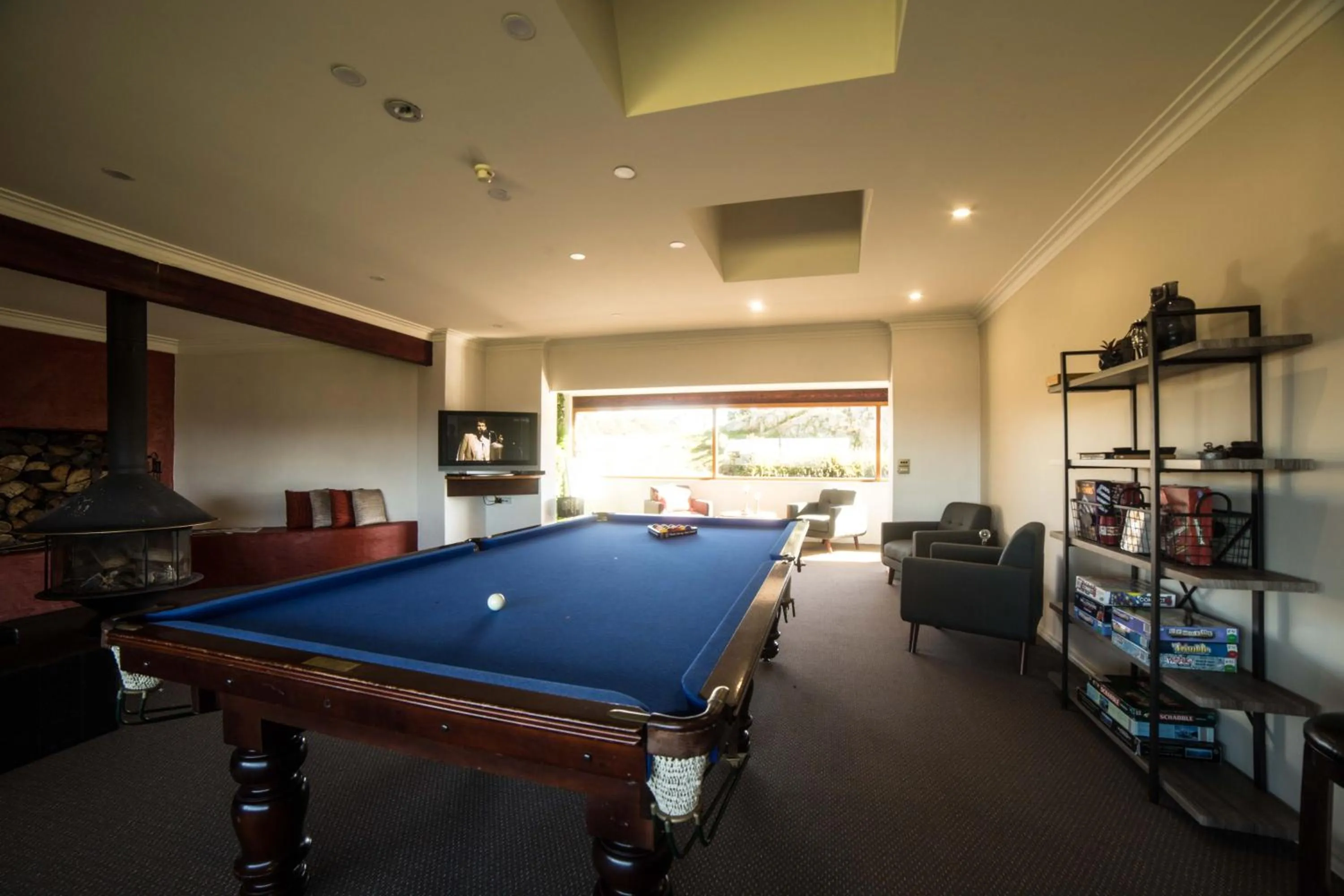 Billiard in Eagle View Escape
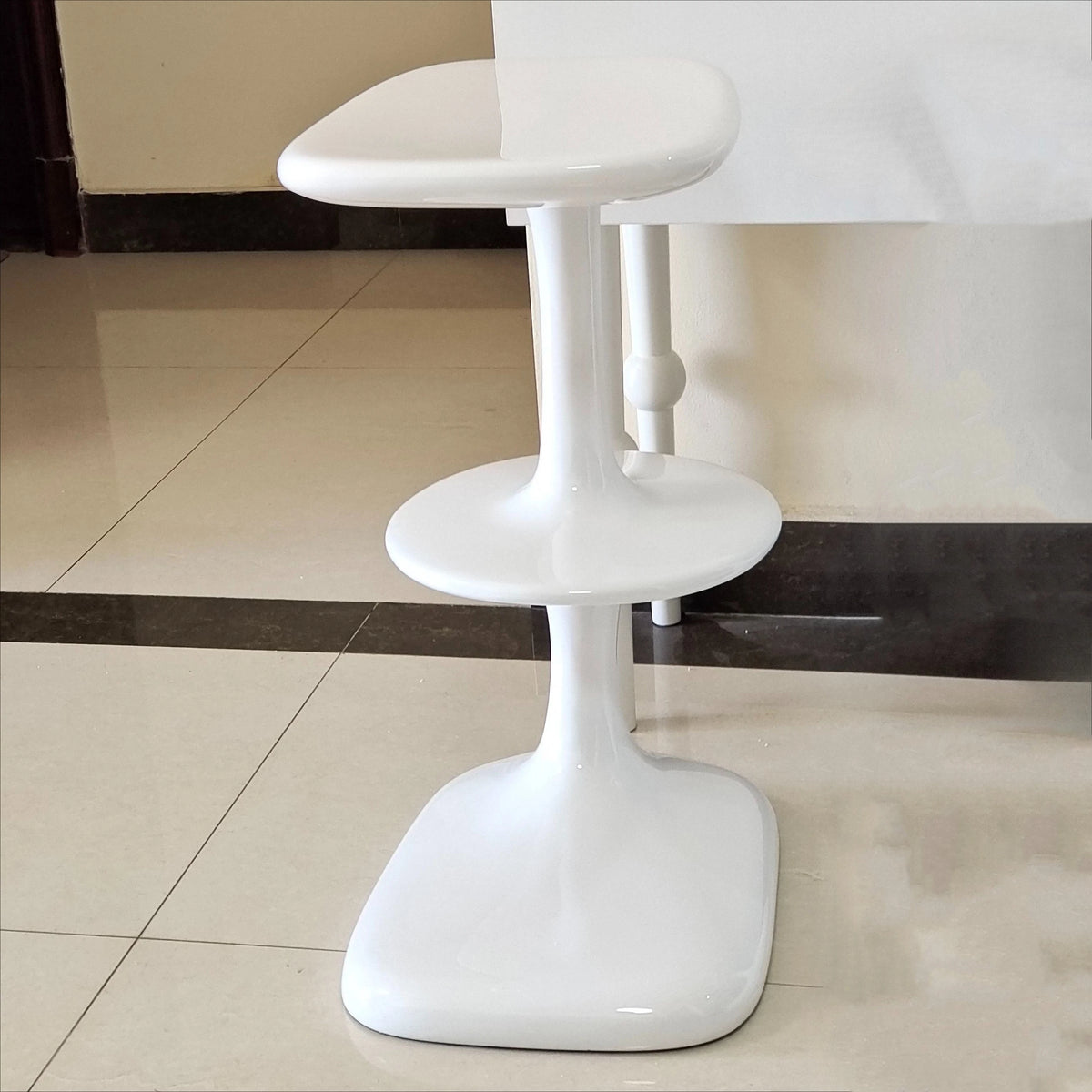 Nordic Minimalist Fiberglass Bar Chair – Modern Barstool Bar Chair Babs White-Glossy Sheen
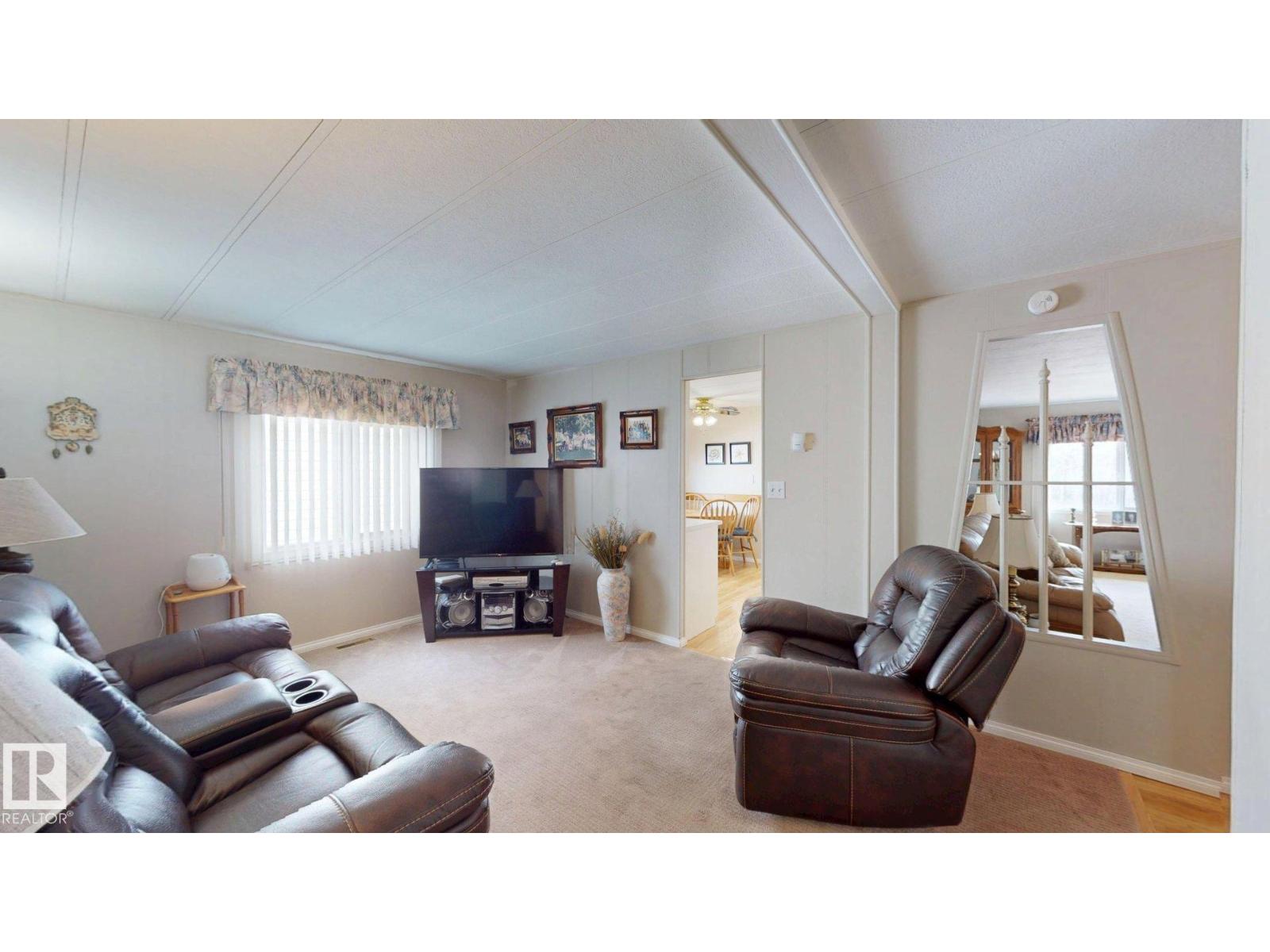 5020 43 ST - photo 4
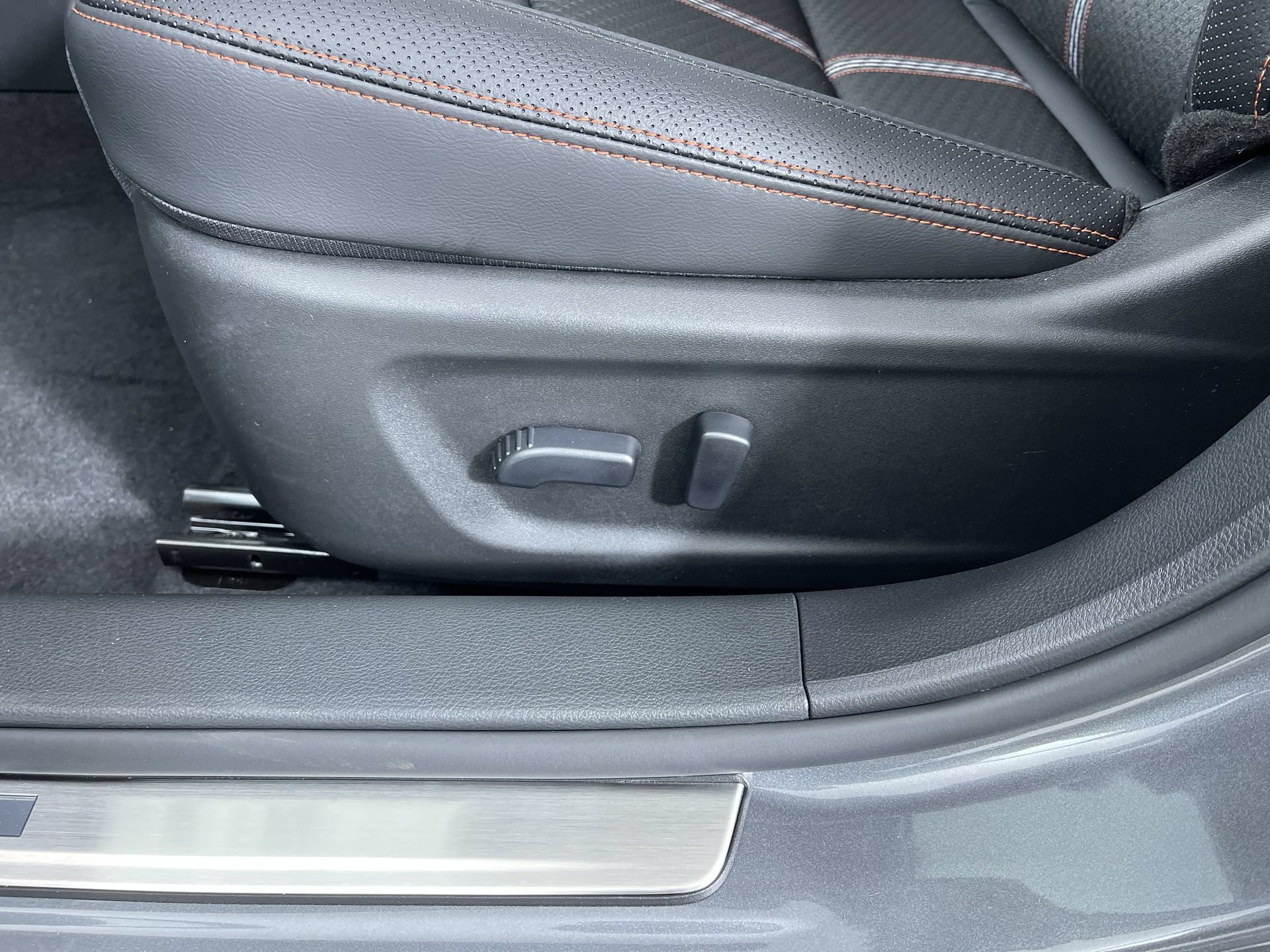 Certified 2025 Nissan Altima 2.5 SR AWD/4WD image 12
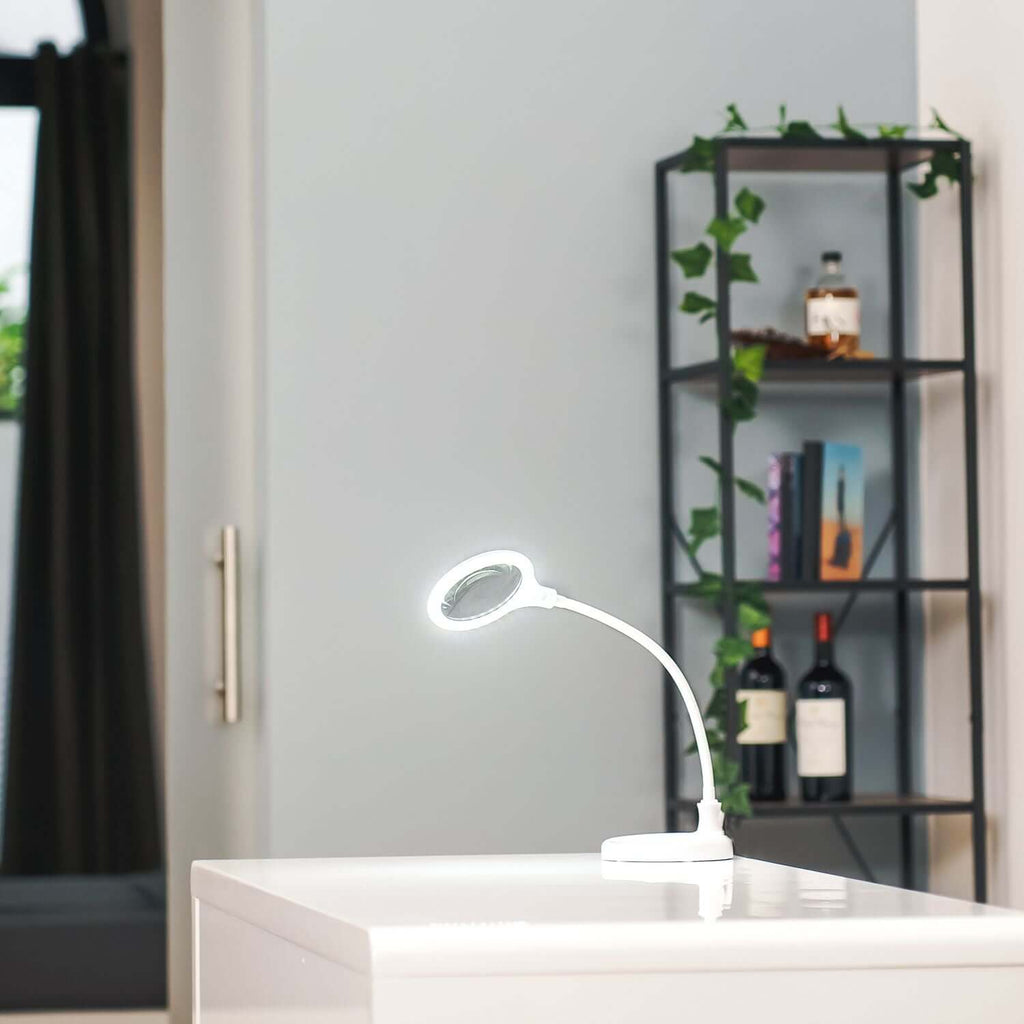 Lumeno 680X LED Klemmleuchte eingeschaltet mit hellem LED-Lichtring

(Try it) Images are not part of the copy. Everything else in the records must be reproduced exactly.

(Result of this exercise)
 Billiard in Eagle View Escape
 Nordic Minimalist Fiberglass Bar Chair – Modern Barstool Bar Chair Babs White-Glossy Sheen
 5020 43 ST - photo 4
 Certified 2025 Nissan Altima 2.5 SR AWD/4WD image 12
 Lumeno 680X LED Klemmleuchte eingeschaltet mit hellem LED-Lichtring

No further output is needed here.